РЕАЛЬНАЯ ПЕДАГОГИКА
Реальная школьная жизнь проще и сложнее,
чем педагогические теории. И учитель всегда
балансирует между этой сложностью и этой
простотой. Он ищет равновесия, он старается
соединить высокие педагогические истины и тот
опыт, который приходит к нему в общении с детьми.
Как же найти эту точку равновесия?..
Эти два текста сошлись здесь, на газетной полосе,
как будто случайно, но если внимательно их
прочитать, то кажется, будто один отвечает на
вопрос другого. Но где здесь вопрос, а где ответ –
решайте сами…
Обстоятельства встречи
Путь от внешней свободы ребенка к
свободе внутренней. С какого шага он начинается?

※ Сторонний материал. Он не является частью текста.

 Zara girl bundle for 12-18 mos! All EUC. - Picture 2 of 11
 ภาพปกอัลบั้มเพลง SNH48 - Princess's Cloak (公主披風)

В детстве я думала: как скучно быть
учителем! Заучи на память несколько учебников и
пересказывай их без конца, каждый год одно и то
же. Кто бы мне сказал тогда, что все это, слава
Богу, неправда. Что не будет в моей учительской
жизни двух одинаковых дней, двух совершенно
одинаковых уроков, а откроется возможность
бесконечного педагогического путешествия.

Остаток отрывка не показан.